It’s a steal: sales stack up at Asda

In the bitterly cold delivery bay attached to the Asda supermarket in Wembley, a loud round of applause breaks out. There is laughter and whooping.

Asda’s
store staff, or colleagues as they have to call each other, are giving
it up for Naz, one of the security guards, who has just been named
“colleague of the day” by the store manager, Rob Johnson. On Wednesday,
Johnson told his audience, Naz had singlehandedly tackled two men who
were piloting trolleys towards the car park, at some lick and without
paying. In supermarket parlance this is a “double push out”, and in
this case the trolleys had been laden with bottles of Jack Daniels. Had
Naz not swung into action, Asda would have lost stock worth £800.

This
is the “morning huddle”, which takes place in every Asda store every
day. Every staff member who is not on counter or checkout duty has to
show up for an update on sales and performance and a ra-ra talk. Today,
as Britain’s grocers head into their biggest days of the year, will be
a “busy, busy, busy day”, says Johnson. “Keep it clutter-free. Remember
our motto: happy to help … Lets go!”

It is also a day for best
behaviour: Asda’s chief executive, Andy Bond, resplendent in a festive
red company fleece, has arrived to help out on the shopfloor – though
his attempts at bag-packing are greeted with acute embarrassment from
customers and colleagues alike: “He’s a very poor packer”, says Tracy,
the store events manager who is dressed in a Santa suit and is
constantly chortling “ho, ho, ho.” “Look!” she says in horror. “He’s
put all that heavy stuff on top of the eggs.”

The Wembley store,
in the shadow of the stadium, is not exactly your average Asda: 75% of
the 70,000 customers who visit every week are from ethnic minorities,
so the store sells far less alcohol than other shops and very little
pork. Scanning the shelves of Spam and tinned ham, Johnson says they
rarely need refilling: “We just dust them.” About £1 out of every £10
that goes into the tills is for specialist ethnic foods. There’s a
halal meat counter, but few heat ‘n’ eat curries: “There’s no call for
them, customers make their own.”

This single store – like all big supermarkets
– is a substantial business in its own right. It takes about £1.3m a
week, or some £70m a year – more than some globally recognised luxury
brands and many stock market-listed companies.
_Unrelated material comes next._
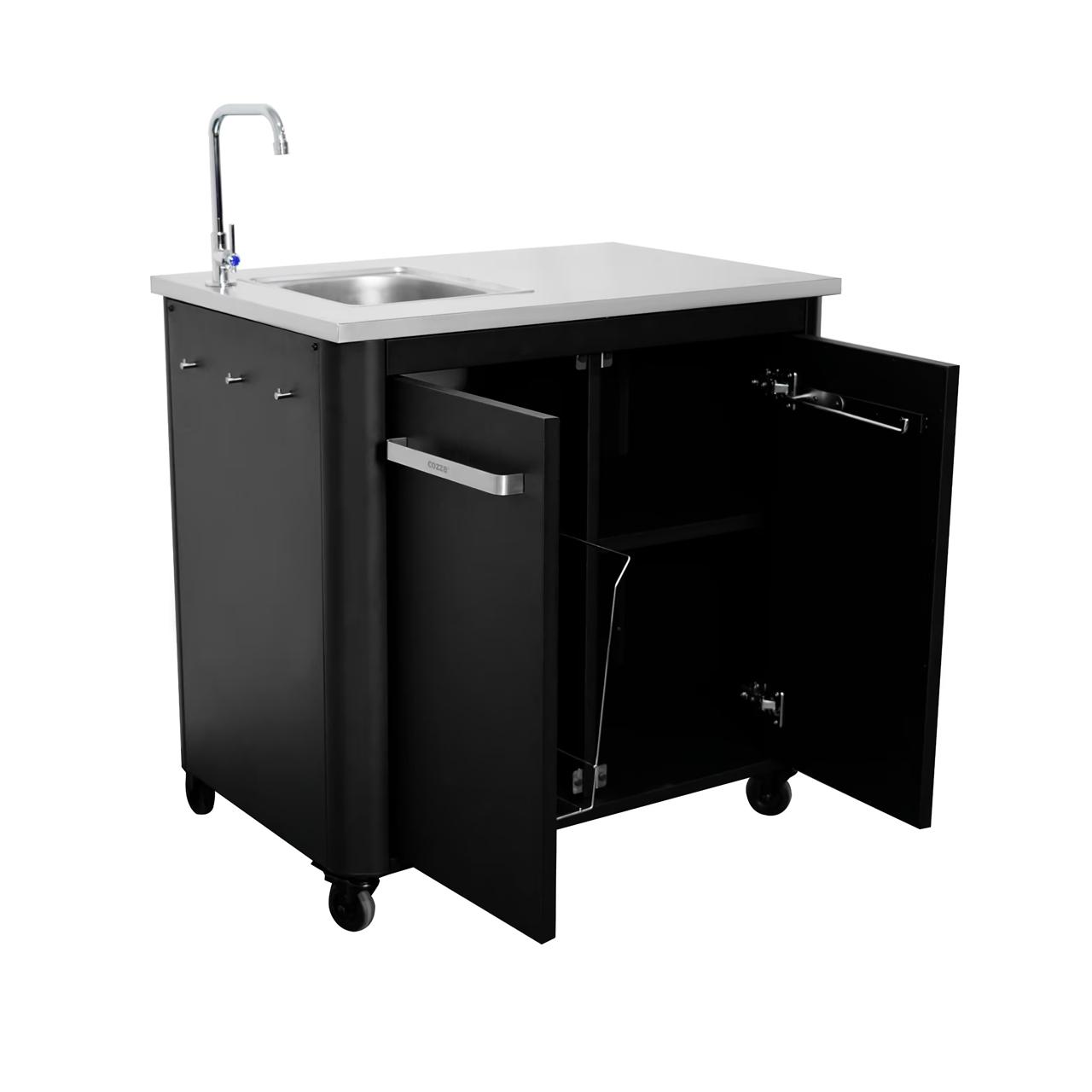 Cozze Outdoorküche Bundle mit Spülenschrank 90 cm & Schrankmodul 120 cm mit Edelstahlplatte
With 540 staff, of whom
70% are from ethnic minorities, it is the biggest employer in Wembley.

In
just four days next week, it will rake in about £1.85m. The store
expects most customers to make two trips – early in the week for goods
with a shelf life, and a last-minute shop for fresh food. Wednesday
will be the busiest day, says Johnson, when he expects to take nearly
£500,000.

Christmas specials are flying off the shelves – 4,600 bags of satsumas a week, and 4,700 tins of Quality Street at £5 a time.

In
the grip of recession, the high street has had a tough year. But the
supermarkets have proved exceptionally resilient, and Bond reckons
sales will be huge next week, possibly 20% higher than last year
“because the whole nation is off for four days”. Asda has been raking
back through its archives to 1998 – the last time Christmas was on a
Friday – in an attempt to predict shopping patterns and get the right
goods on to the shelves.

In a briefing with staff, Bond gets tips
from his frontline troops: they want more back-up from the Leeds head
office and the checkout women are fed up with having to stick to a
prepared script when they talk to customers: “Why can’t we just let
people be themselves with customers?” says one long-serving staff
member. “Why do we force the girls to say the same thing for eight
hours?” As for the Asian clothes range – it is dire, and “way
overpriced”.

There are many signs of recession – from lower staff
turnover to queues for marked-down goods and a big rise in “put-backs”
– where shoppers pick a product and then ditch it in another part of
the store or at the till when they realise they cannot afford it.

At
this store, put-backs have hit 70-80 trolleyloads a day. If the goods
are frozen or chilled, they often have to be thrown away. Wednesdays,
which was previously one of the quietest days of the week, is now far
busier – Wednesday is also benefits day.

Theft is also on the
rise, from petty pilfering to the sort of “push out” that Naz has just
foiled – a reflection, reckon his colleagues, of the dire financial
straits of many shoppers. “Some people you just know are going to
steal,” Bond is told. “They come in and buy something small but ask for
a big bag,” intending to fill it with lifted booty. The self-scan
checkouts, they reckon, are a particular problem.

Bond admits
theft is a serious issue – especially robberies aimed at the
cash-collection companies. “They have a very threatening job,” he says.
Asda is seeing one or two such robberies every month and across the
retail sector Bond reckons there will be more than 100 this month.